## To do
Please output the listing exactly as it stands, but omit any images.

*** Opening Dataset content ***

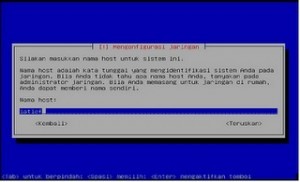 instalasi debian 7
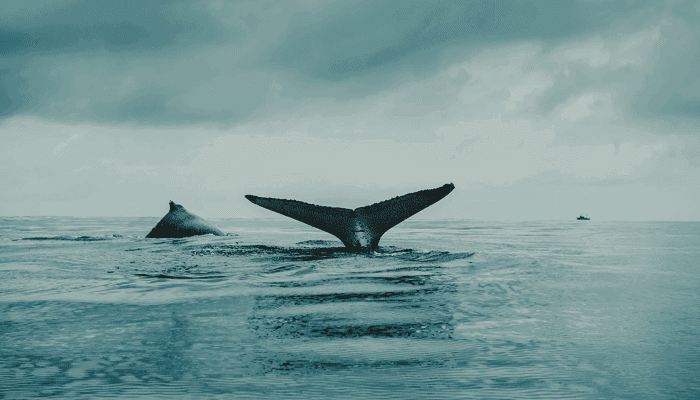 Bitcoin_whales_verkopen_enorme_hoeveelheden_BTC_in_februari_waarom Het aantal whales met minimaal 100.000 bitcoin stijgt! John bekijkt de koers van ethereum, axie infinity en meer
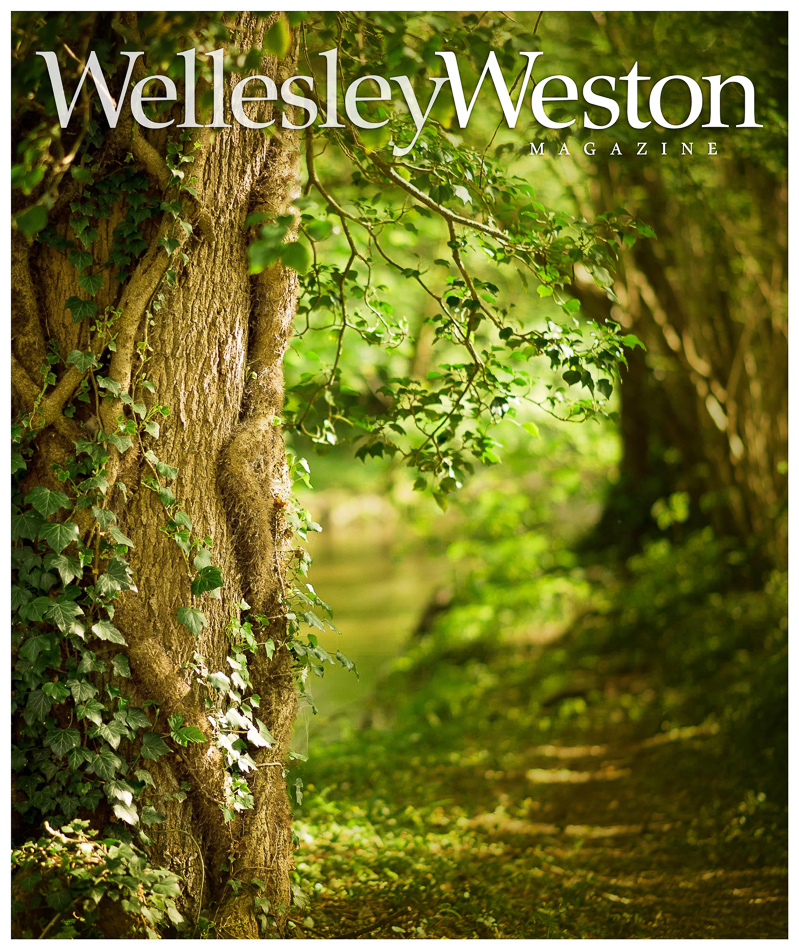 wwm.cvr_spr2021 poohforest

*** Closing Dataset content ***

## Result below
 instalasi debian 7
 Bitcoin_whales_verkopen_enorme_hoeveelheden_BTC_in_februari_waarom Het aantal whales met minimaal 100.000 bitcoin stijgt! John bekijkt de koers van ethereum, axie infinity en meer
 wwm.cvr_spr2021 poohforest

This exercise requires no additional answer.